Inhibition of infection of pseudotypes by TAK-779. Bori and Bori-15 envelope-pseudotyped luciferase viruses were used in single-round infection assays in the presence of increasing concentrations of CCR5 inhibitor TAK-779. U87 astroglioma cells transiently transfected for the expression of high (top) or low (bottom) levels of CCR5 expression were used as target cells. Bori (○) and Bori-15 (•) pseudotypes were more sensitive to TAK-779 inhibition when target cells expressed low levels of CCR5, but we did not observe any difference in sensitivity between them regardless of CCR5 levels on target cells. Results are expressed as percentages of infection with respect to no treatment (100%), and the average of 8 to 12 independent experiments performed in triplicate is shown.

FIG. 5.

Inhibition of pseudotype infection by anti-CD4 MAbs.

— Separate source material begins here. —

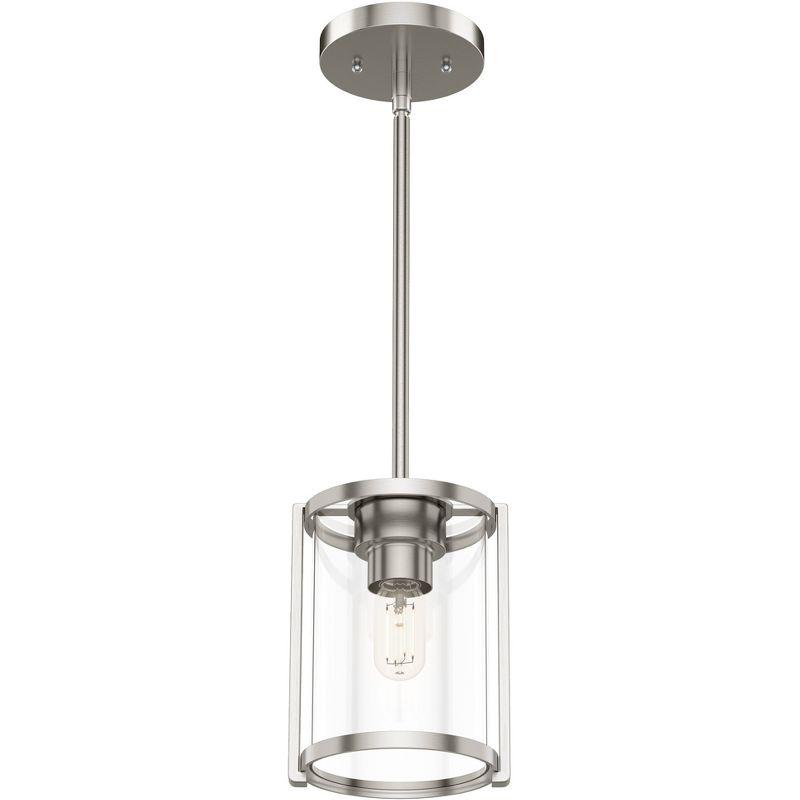 Astwood Clear Glass Mini Pendant Ceiling Light Fixture Silver - Hunter Fan: UL Listed, Adjustable Height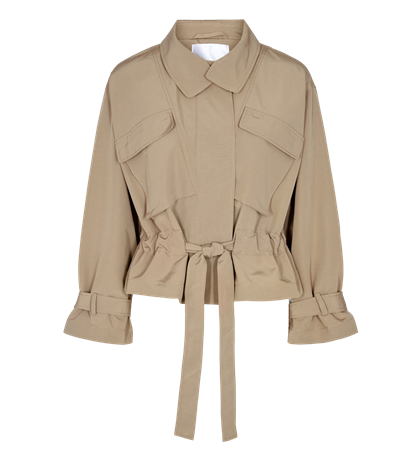CO' COUTURE JAKKE, ELBA CROP WALNUT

Bori and Bori-15 envelope-pseudotyped luciferase viruses were used in single-round infection assays in the presence of increasing concentrations of anti-CD4 MAbs RPA-T4, SK3 and #21, or mouse IgG as a negative control. HOS cells stably expressing CD4 and CCR5 were used as target cells. Results are expressed as percentages of luciferase activity with respect to that observed in the absence of antibody (considered to be 100%), and shown as means ± standard errors from six to eight independent experiments performed in quadruplicate. Infection by Bori-15 (•) pseudotypes was less sensitive to inhibition by anti-CD4 MAbs than infection by Bori (○) pseudotypes. Asterisks denote those Ab concentrations in which the difference between the percentages of infection of Bori and Bori-15 pseudotypes were statistically significant by Student's t test (*, P < 0.05; **, P < 0.01).